Basically, it comes from Steven Byrnes’s explainer on the No Free Lunch theorem, and if you have equally likely data, that is the world is entirely random, you cannot learn anything. And once we remove the channels of nondeterminism given here, all that is left is random errors, like the chance of a 1 in 20 billion hardware errors, or cosmic rays, or simple random failure. But all of these bits are useless for breaking the sandbox, since again they’re random.

Here’s Steven Byrnes’s explainer on the topic:

https://​​www.lesswrong.com/​​posts/​​Dyt2TDdMGHDkXPcpp/​​the-no-free-lunch-theorem-for-dummies

Appendix

Surprisingly, in order to optimize communication complexity, massive machine learning models forego at least some aspects of nondeterminism anyway, which is a good sign.

Link here:

https://​​arxiv.org/​​pdf/​​1910.02054.pdf

And from davidad on how to make sure everything is nondeterministic, and some important information specific to machine learning.

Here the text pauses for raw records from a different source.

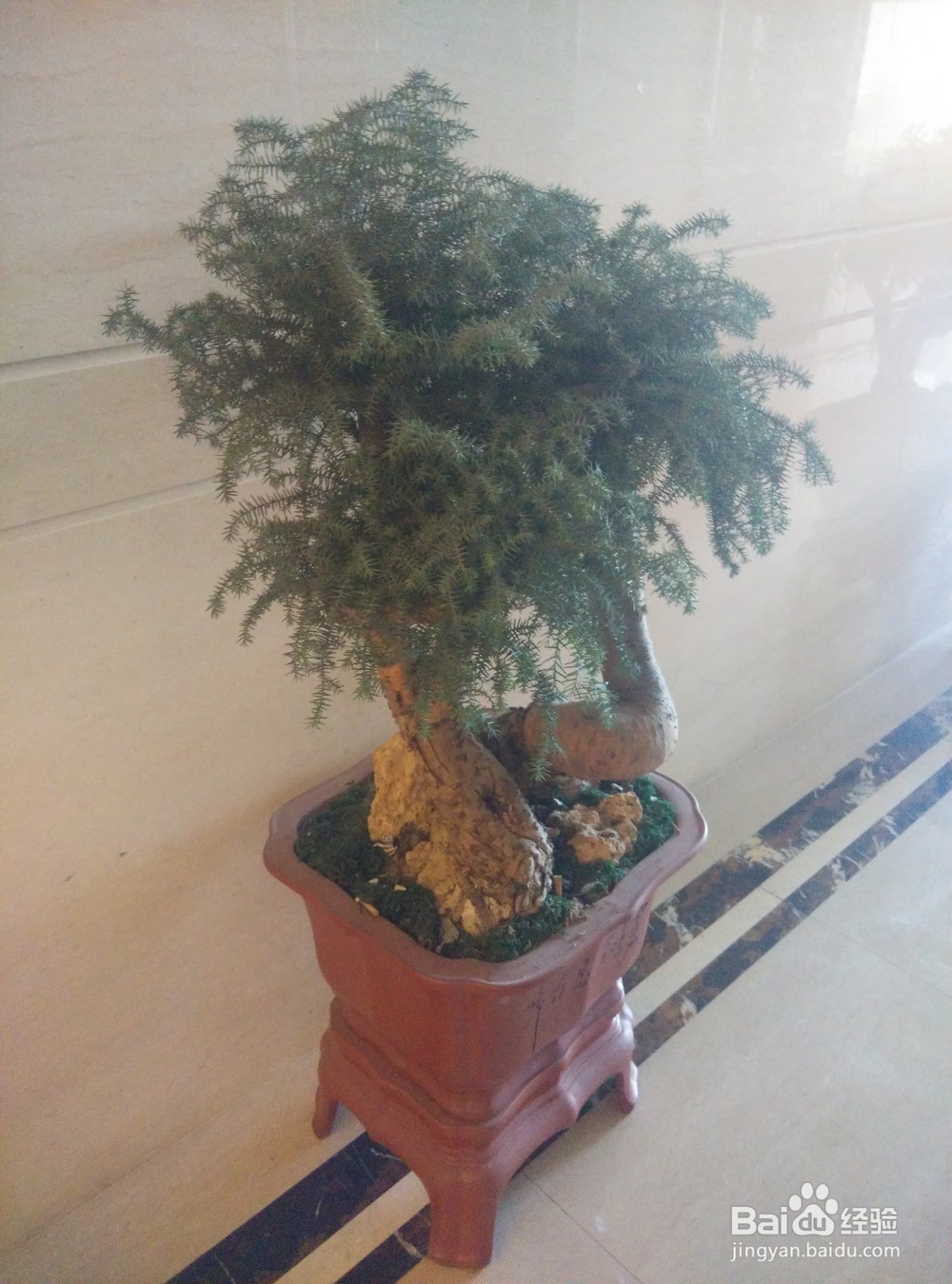 告诉你苏州人怎么过冬至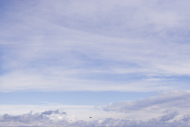 Small image of Stephen Chalmers Color Photograph from the Limbo series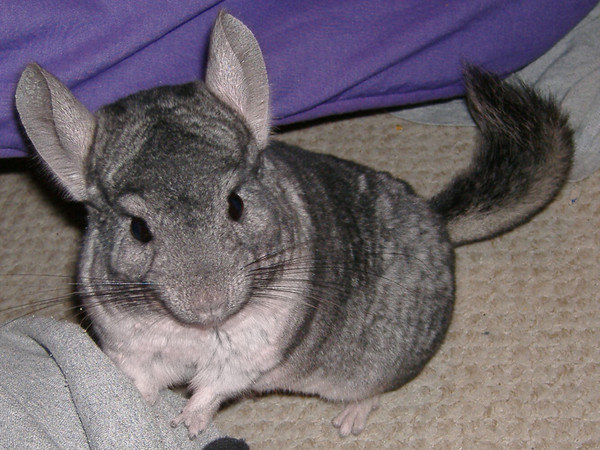 CHINCHILLA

Enforcing determinism for machine learning will require more effort because of the involvement of GPUs. One must ensure that code is executed deterministically on the GPU as well as on the CPU, and that GPU/​CPU concurrency is appropriately synchronized (to enforce deterministic dataflow). But I claim this is still eminently doable, and with no noticeable performance penalty versus contemporary best practices for scalable ML, if an AI lab understood what determinism is and cared about it even a little bit.